よく似た名で北アルプスには峻険なことで知られる2000m級の錫杖岳が有ります。こちらは山岳登山経験者でもなければ登頂が難しい山なのに対し、錫杖ヶ岳は休日に足が向けば気楽に登りにゆける楽しい山です。
芸濃側の麓には安濃ダム湖畔に造られた公園やレストラン湖水荘があり家族連れで訪れやすいことから、津市周辺に存在する山のうちでは経ヶ峰と並び最も親しまれている山の一つでしょう。
特にダム湖畔には多数の駐車場があり、多人数のグループで訪れても駐車の心配をする必要のないことから、錫杖湖の登山者も多くがこの安濃ダムよりのコースを利用するようです。
下之垣内東の谷の転石には、白っぽい酸性深成岩(花崗岩)と黒っぽい塩基性深成岩(斑レイ岩、閃緑岩)が半々で見られる。
これらの基盤岩は3000万年前ころからアジア大陸東縁に大量に湧出したスポット的なマントル流の拡張に伴って日本海の形成と拡大が行われ、日本の基盤岩は拡張するマントルの流れによって移動して1500万年前ころには現在の日本列島の位置に落ち着いたと考えられています。
この頃すでに現在の山脈の多くは陸上にあリましたがその標高は低く、錫丈ヶ岳北部の名阪関トンネルの辺りなども当時の堆積岩層で覆われています。
急速に隆起したのは100万年前以降で、フィリピン海プレートと太平洋プレートの沈み込みに伴う圧縮の応力場によって山脈が持ち上げられたものですが、この力は現在も継続しています。
東陵線上の小雀の頭の西面より眺めた山頂。東西稜線下の南斜面は杉檜の単相林が占める。
山容
山頂から山の東西に沿って主尾根が走り、その尾根筋が、津市(芸濃町)と亀山市(関町)の区画線となっています。南の芸濃側山腹は、麓の錫杖湖に至るまで、その殆どが杉と檜の人工林で占められています。
これとは対照的に、関側の主尾根北麓は、稜線から名阪国道に至るかなりの部分が樫、椎、楓といった広葉樹の自然林です。

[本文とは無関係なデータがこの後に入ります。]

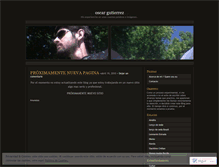 Tablet Screenshot of oscarinho.wordpress.com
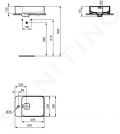 Ideal Standard Strada II Umvadlo 500x350 mm, s otvorom na strane, biela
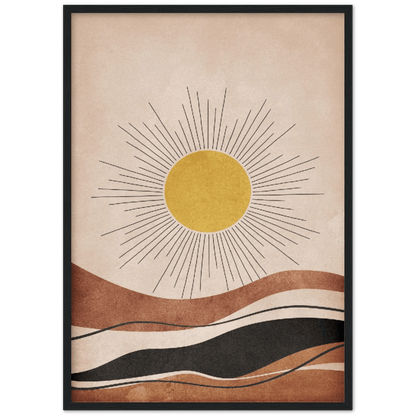 Boho Landscape Wall Art - The Trendy Art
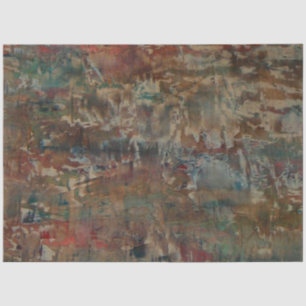 Decoupage Abstract Faux Finish Earthy Tones Tissue Paper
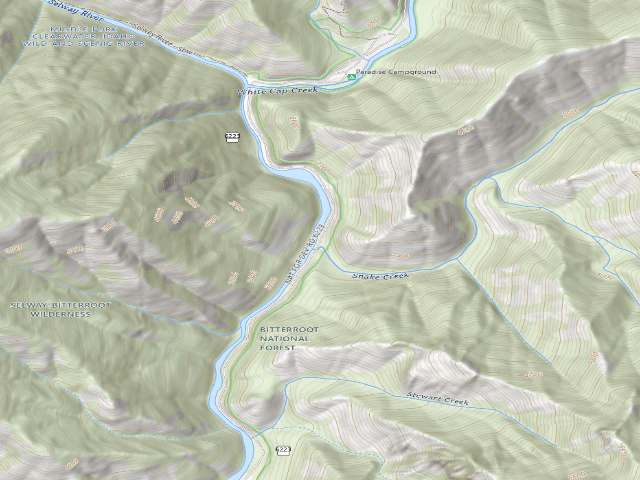 USGS topographic map of Paradise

山頂は蝶の通り道になっているようで、麓から風に乗っていろんな種類の蝶が飛んできます。
遮るものが無い山頂付近では色々な蝶を見かける。風に乗って尾根を越えてゆくもの、付近の草木で羽を休めるもの様々だ。
登山路の周辺では四季折々の花が咲きます。これはどの山でも言えますが登山道の環境の変化が多様であるほどに多くの種類の花が見つかります。
加太コースのところにも載せましたが、花の種類は広葉樹の多い西斜面に多く見られるようです。

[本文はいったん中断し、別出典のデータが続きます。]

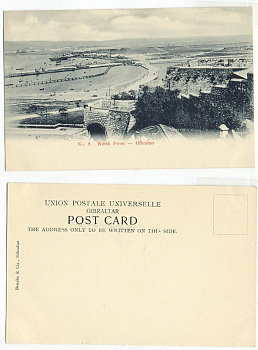 ГИБРАЛТАР ОТКРЫТКА, ПОЧТОВАЯ КАРТОЧКА, СЕВЕРНЫЕ УКРЕПЛЕНИЯ - до 1917 153-14-12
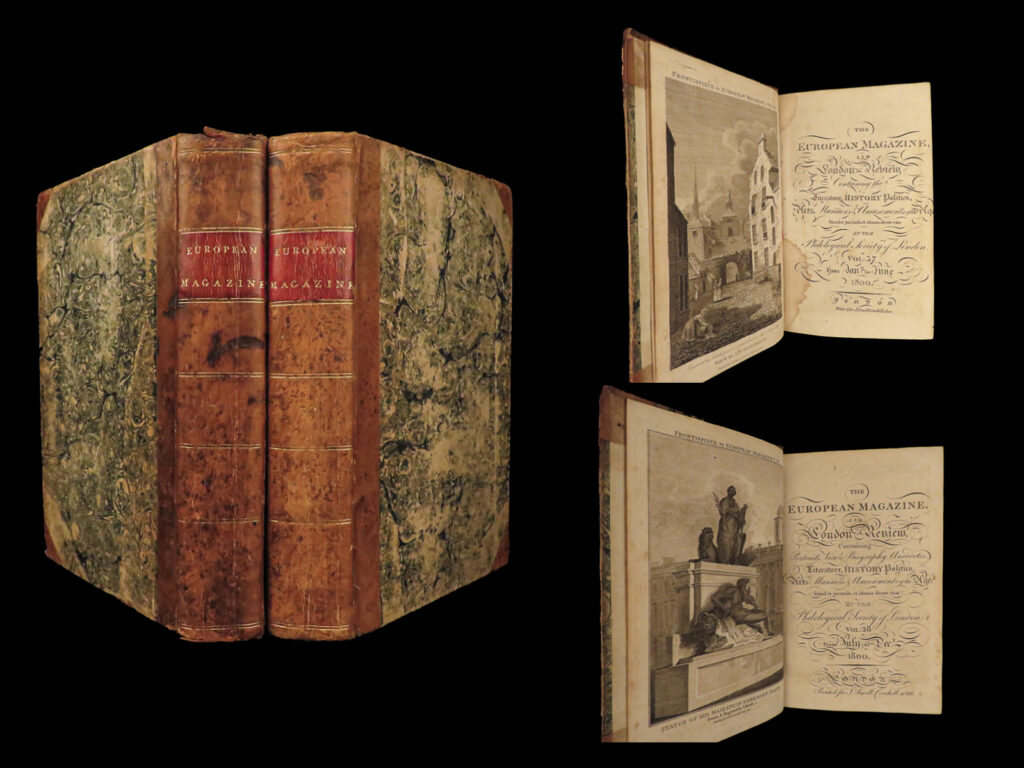 The european magazine and london review containing the literature, history, politics, arts, manners & amusements of the… vol 37-38, from july to dec. 1800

若葉が芽吹く季節は本当に美しい。これは2005年5月2日の加太側コース南西稜の様子。
登山コース
山には主な4本の登山道があって、そのうちの二本は芸濃側、錫杖湖畔(ダム湖)の下の垣内より山頂に至るルートです。他の一本は関側の加太より、最後の一本は名阪関インター麓より福徳を経て、主尾根より北東に伸びる尾根筋をへて主尾根伝いに山頂に至るものです。
以下のサブページに簡単な案内があります。
よく利用されるのは1、2の芸濃側「下之垣内橋」よりの二つのルートです。錫杖湖畔の一帯が安濃ダム建設後、観光地として整備されており登山道の道標もはっきりしていて迷う心配がありません。
ただこれらのコースは山復の南斜面を登るため鈴鹿の多くの山の例にもれずその殆どが杉檜の単層林の中に付けられた林道を行くもので周囲の変化に乏しいコースです。
加太側のルートは登山道の変化に富んでおり、四季の変化を最も良く感じることの出来るものです。コースも自然に配慮してよく管理されています。
福徳側のコースは錫杖岳から東に伸びる陵線が副尾根となって北に伸びる尾根伝いに登るもので関インターから徒歩で登るのに適しています。
ただし登山口から山頂まで5km程の距離があり他のコースの二倍近い時間を要します。また登山口の近くには駐車場がありませんから縦走を楽しむ方向きでしょうか。尾根筋を行きますからコースの眺めもそれなりに楽しめます。